● TASK DIRECTIONS:
Using the material below, print a verbatim copy of every line from the one containing "Granny Bitch Rides" through the one containing "Marianne Design Collectables", inclusive, and omit the pictures.

● DATA EXCERPTS:
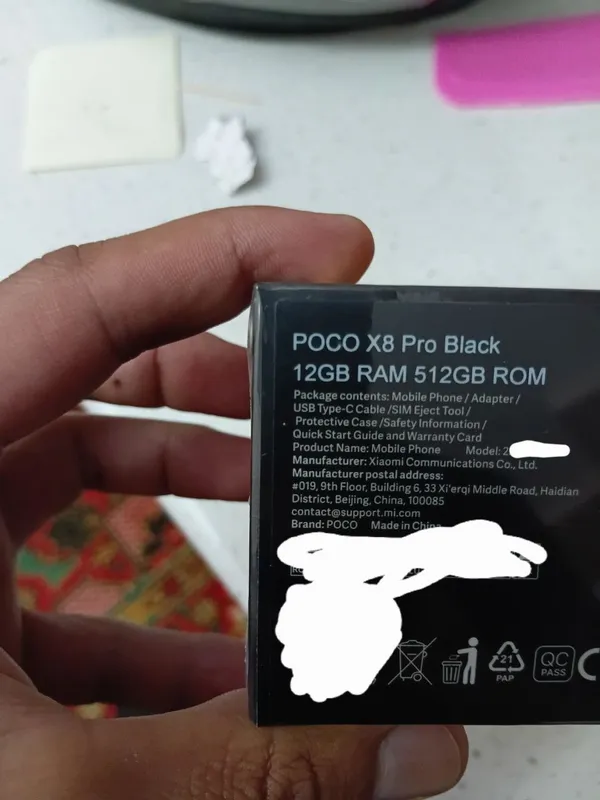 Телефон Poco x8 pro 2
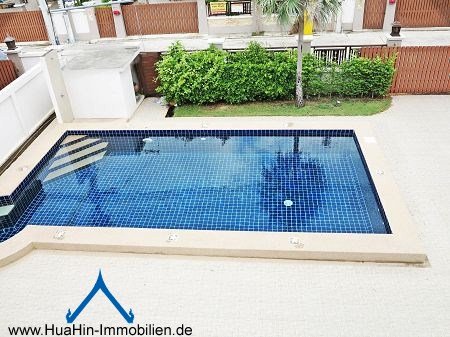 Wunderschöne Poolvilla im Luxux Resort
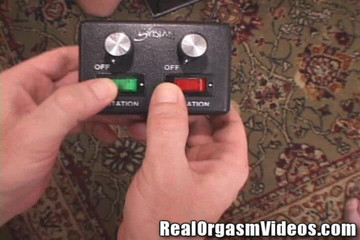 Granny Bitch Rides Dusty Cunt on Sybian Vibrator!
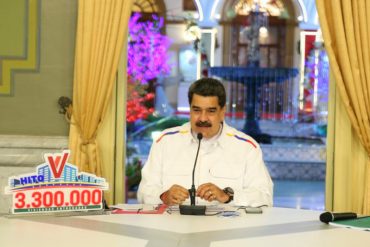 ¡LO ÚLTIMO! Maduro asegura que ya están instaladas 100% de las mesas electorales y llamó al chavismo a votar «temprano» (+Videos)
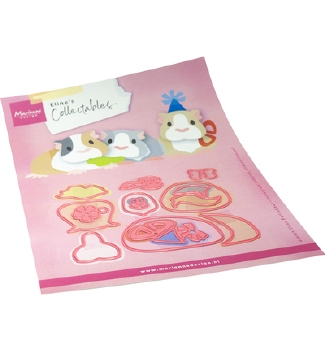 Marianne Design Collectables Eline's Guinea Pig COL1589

==

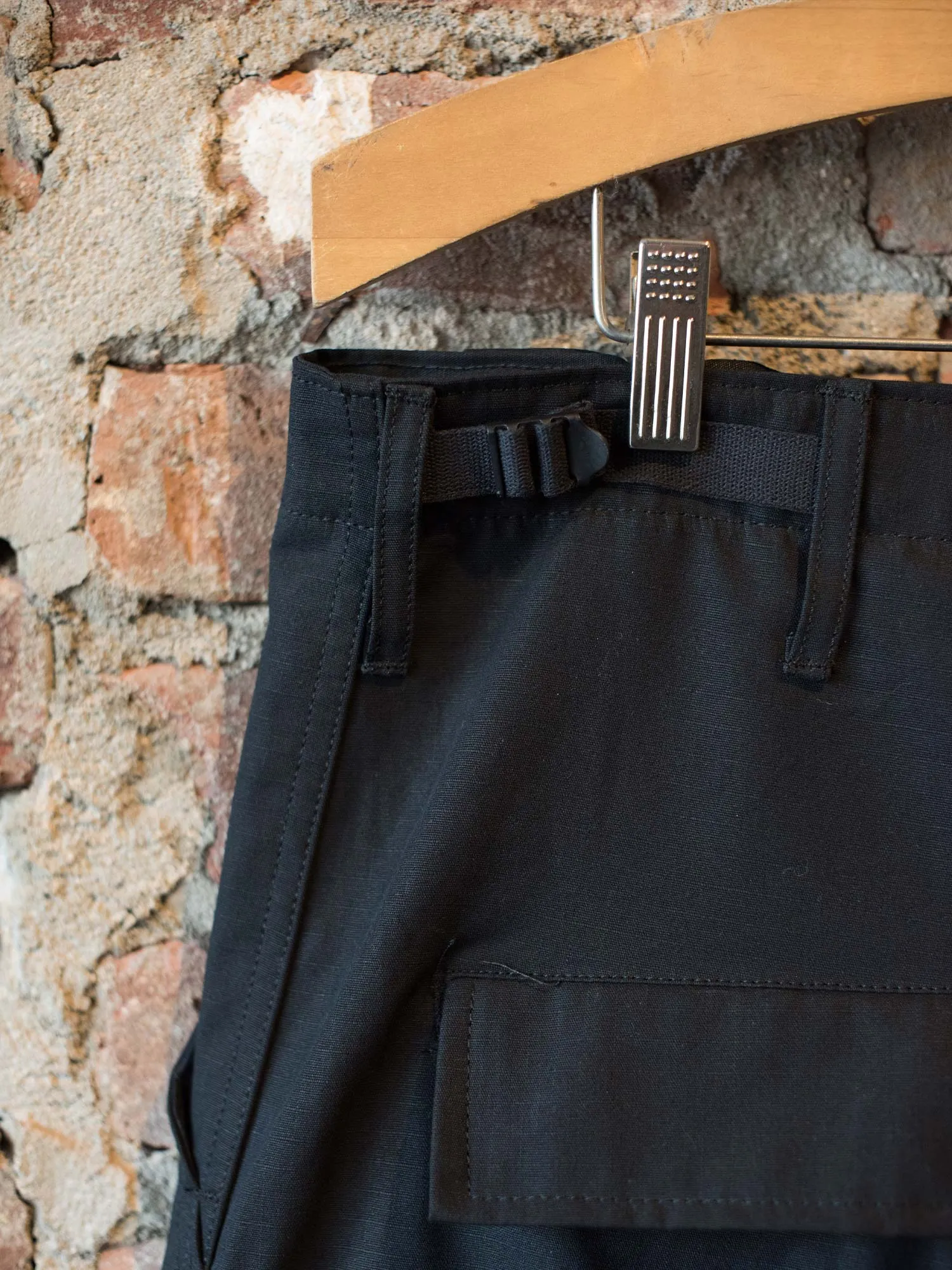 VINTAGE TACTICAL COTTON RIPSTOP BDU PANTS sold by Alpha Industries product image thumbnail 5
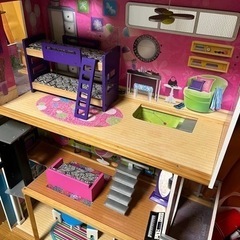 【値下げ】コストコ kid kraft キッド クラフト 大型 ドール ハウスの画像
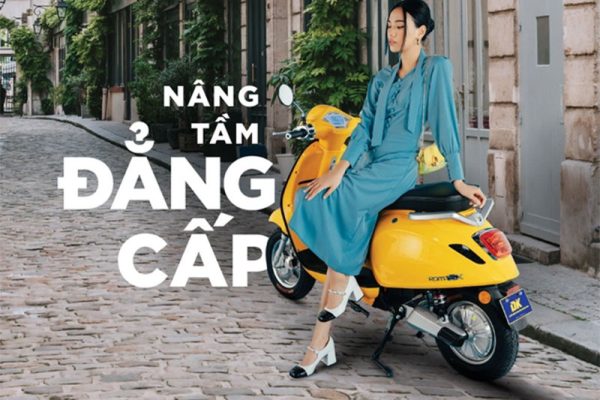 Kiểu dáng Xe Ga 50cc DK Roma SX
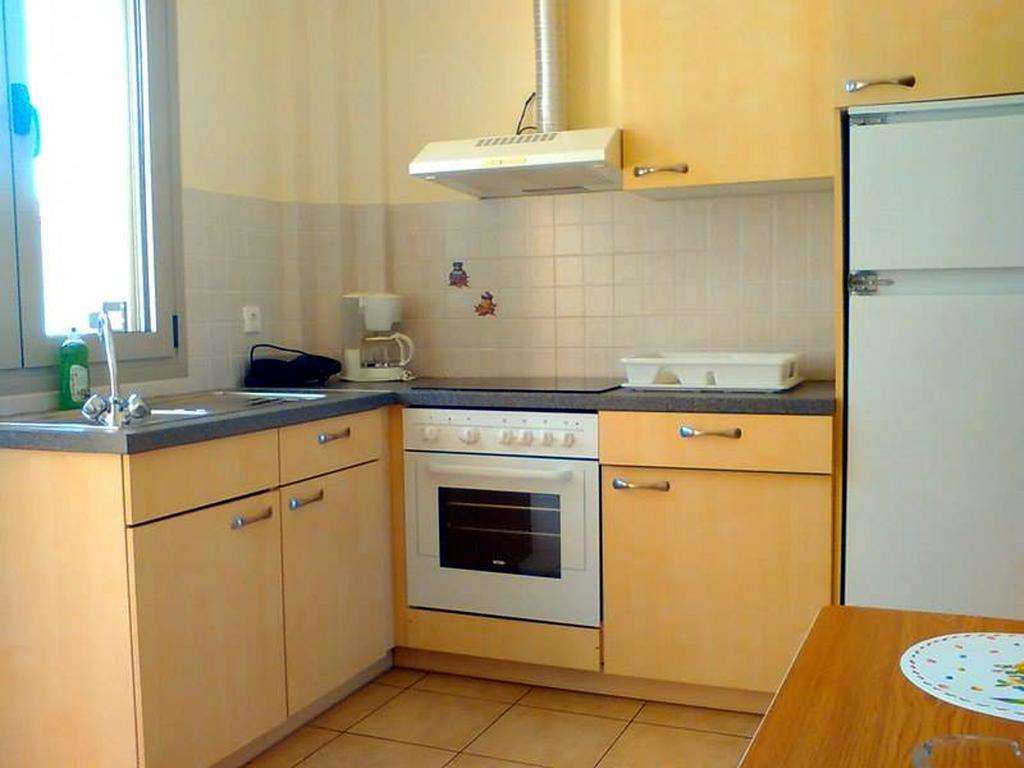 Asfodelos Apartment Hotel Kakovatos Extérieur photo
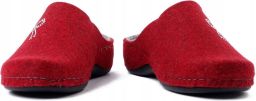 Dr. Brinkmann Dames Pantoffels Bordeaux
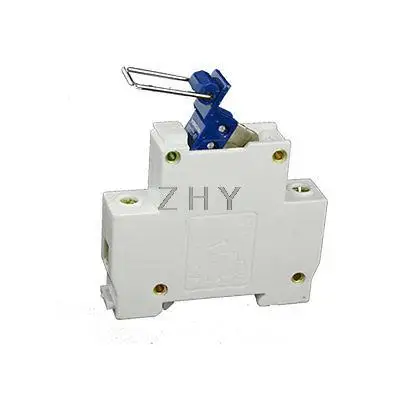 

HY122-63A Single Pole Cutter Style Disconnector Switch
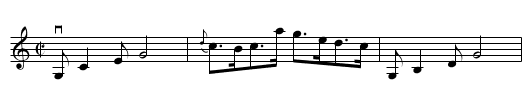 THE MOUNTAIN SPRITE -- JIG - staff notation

● TASK RESPONSE:
 Granny Bitch Rides Dusty Cunt on Sybian Vibrator!
 ¡LO ÚLTIMO! Maduro asegura que ya están instaladas 100% de las mesas electorales y llamó al chavismo a votar «temprano» (+Videos)
 Marianne Design Collectables Eline's Guinea Pig COL1589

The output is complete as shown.